Autoscaling Components

This guide explains how to configure and manage autoscaling for Obsrv components

Overview

Obsrv components can be scaled using KEDA (Kubernetes Event-driven Autoscaling). The default configuration supports autoscaling for Flink Task Managers and Druid components based on various metrics like CPU usage, query latency, and Kafka lag.

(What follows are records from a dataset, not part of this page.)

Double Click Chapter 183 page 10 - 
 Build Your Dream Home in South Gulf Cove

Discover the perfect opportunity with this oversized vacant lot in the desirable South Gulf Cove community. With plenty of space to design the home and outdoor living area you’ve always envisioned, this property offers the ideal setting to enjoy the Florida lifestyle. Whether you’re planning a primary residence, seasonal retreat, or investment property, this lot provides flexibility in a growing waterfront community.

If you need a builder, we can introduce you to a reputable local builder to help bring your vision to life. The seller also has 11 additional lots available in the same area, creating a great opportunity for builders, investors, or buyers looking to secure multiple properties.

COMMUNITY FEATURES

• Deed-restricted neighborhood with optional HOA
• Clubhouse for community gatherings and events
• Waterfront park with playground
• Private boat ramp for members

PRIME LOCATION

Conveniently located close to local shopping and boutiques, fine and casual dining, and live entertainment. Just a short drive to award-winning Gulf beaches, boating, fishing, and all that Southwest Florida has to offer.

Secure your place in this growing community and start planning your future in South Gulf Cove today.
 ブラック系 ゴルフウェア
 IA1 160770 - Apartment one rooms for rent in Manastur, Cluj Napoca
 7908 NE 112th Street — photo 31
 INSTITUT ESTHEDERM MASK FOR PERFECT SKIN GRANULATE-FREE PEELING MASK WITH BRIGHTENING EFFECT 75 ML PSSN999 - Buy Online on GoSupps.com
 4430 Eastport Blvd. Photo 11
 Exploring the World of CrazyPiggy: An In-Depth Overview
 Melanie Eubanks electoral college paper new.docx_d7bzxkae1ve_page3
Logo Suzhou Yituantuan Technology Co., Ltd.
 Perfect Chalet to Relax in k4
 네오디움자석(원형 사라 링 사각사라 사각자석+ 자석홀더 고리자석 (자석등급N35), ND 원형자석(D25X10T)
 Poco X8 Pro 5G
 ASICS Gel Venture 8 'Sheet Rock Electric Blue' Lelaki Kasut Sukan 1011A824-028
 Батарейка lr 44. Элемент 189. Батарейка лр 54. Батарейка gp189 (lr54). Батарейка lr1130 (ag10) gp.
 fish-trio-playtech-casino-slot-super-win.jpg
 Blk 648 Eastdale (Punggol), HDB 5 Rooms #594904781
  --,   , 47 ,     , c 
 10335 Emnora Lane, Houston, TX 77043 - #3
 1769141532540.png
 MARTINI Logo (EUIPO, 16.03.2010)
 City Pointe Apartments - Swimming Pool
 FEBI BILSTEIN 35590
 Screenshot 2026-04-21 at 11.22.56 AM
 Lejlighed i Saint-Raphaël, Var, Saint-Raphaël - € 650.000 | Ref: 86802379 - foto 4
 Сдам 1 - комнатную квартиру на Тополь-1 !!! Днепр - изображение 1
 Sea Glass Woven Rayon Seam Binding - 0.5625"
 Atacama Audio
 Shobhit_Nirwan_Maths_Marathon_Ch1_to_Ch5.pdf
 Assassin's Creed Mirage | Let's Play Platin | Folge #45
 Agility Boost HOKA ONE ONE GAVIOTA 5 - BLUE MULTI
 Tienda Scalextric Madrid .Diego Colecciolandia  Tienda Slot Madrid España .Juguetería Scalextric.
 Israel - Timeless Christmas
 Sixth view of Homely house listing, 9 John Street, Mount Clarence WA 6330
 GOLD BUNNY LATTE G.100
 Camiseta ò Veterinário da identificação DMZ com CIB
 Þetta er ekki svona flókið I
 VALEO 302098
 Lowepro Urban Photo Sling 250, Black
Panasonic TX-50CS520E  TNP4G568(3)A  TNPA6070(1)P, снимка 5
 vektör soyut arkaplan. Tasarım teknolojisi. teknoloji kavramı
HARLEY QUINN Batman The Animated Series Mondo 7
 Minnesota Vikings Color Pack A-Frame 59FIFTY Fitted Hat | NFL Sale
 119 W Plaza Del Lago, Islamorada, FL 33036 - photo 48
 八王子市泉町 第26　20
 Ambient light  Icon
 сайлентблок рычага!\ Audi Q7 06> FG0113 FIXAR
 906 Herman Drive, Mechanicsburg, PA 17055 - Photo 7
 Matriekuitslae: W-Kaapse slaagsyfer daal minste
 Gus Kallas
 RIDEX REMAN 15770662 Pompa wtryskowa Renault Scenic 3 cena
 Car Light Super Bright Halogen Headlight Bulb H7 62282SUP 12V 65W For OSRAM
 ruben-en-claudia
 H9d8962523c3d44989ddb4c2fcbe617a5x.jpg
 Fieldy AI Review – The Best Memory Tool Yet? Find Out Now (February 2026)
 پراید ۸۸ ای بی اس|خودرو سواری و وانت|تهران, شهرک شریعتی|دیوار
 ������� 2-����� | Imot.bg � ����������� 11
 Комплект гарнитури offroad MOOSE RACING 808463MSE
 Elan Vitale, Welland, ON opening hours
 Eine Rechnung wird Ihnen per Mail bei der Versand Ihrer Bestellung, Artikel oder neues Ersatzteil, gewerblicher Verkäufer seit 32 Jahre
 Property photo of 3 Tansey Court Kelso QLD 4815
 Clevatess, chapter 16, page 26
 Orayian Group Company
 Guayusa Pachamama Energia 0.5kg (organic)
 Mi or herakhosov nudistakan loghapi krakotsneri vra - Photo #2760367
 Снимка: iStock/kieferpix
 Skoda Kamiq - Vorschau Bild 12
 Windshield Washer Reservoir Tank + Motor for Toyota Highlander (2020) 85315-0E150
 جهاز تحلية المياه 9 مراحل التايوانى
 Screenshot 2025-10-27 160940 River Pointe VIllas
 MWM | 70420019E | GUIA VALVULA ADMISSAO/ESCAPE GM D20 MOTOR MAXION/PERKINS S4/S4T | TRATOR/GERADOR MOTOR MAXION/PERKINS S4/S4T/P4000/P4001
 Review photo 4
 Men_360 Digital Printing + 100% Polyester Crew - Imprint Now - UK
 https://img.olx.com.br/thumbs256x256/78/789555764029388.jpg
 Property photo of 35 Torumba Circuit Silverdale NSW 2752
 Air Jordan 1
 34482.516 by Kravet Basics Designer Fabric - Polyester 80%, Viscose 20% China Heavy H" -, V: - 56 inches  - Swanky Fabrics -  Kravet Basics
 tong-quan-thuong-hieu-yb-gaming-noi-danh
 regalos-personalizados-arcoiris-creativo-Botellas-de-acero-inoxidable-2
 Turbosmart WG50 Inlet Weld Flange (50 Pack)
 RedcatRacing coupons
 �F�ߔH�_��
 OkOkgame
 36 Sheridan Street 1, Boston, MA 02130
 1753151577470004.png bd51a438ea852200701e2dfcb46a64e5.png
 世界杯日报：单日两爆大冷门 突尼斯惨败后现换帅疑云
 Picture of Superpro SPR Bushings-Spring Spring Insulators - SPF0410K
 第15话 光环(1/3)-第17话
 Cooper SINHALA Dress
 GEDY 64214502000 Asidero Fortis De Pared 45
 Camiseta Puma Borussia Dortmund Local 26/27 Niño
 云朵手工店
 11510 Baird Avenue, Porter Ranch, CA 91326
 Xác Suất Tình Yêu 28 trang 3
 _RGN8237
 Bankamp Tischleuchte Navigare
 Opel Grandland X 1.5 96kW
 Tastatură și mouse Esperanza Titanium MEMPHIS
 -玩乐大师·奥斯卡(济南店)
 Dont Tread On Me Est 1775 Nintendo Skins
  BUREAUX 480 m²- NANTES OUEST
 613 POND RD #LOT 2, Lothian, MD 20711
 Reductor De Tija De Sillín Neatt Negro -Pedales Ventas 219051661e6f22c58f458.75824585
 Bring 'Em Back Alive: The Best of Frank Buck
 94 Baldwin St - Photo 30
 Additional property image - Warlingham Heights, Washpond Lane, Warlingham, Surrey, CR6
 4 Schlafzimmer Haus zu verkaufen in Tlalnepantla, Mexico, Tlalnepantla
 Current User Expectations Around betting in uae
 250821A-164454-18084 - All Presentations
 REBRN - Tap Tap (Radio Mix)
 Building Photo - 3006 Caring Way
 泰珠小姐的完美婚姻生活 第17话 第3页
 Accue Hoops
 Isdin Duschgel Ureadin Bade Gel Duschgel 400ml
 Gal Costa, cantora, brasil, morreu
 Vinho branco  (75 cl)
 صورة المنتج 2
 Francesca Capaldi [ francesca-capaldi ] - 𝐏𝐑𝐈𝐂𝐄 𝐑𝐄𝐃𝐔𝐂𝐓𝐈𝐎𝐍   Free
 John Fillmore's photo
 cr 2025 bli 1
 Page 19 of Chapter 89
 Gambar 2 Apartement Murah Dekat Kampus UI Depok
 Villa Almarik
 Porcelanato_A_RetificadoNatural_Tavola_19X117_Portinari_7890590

Understanding Scaling Scenarios

Flink Autoscaling

Flink Task Managers need to scale when:

Kafka consumer lag grows beyond acceptable thresholds
Processing backpressure increases
Event processing latency rises

Key considerations:

Scale up quickly to handle sudden data bursts
Match scaling with Kafka partition count for optimal parallelism
Scale down conservatively to avoid job restarts
Consider checkpoint completion times during scaling

Druid Autoscaling

Druid components scale for different reasons:

Historical Nodes

Query response times exceed thresholds
Segment load times increase
Available capacity for new segments decreases
High CPU utilization impacts query performance

Broker Nodes

High query queuing or wait times
Increased number of concurrent queries
CPU utilization affects query routing efficiency

Key considerations

Historical scaling impacts data availability
Broker scaling affects query routing and caching
Both require careful monitoring of query patterns
Consider time of day and workload patterns

Enabling Autoscaling

Enable autoscaling in autoscaling.yaml:

global:
  enable_autoscaling: &autoscaling_enabled true

Install the autoscaling rules:

# From enterprise-automation/helmcharts directory
cd helmcharts/kitchen
bash enterprise.sh autoscaling

Configuration Components

Common Parameters

enabled: Enable/disable autoscaling for the component
kind: Kubernetes resource type (Deployment/StatefulSet)
minReplicaCount: Minimum number of replicas
maxReplicaCount: Maximum number of replicas
pollingInterval: How often to check metrics (in seconds)
cooldownPeriod: Minimum time between scaling operations (in seconds)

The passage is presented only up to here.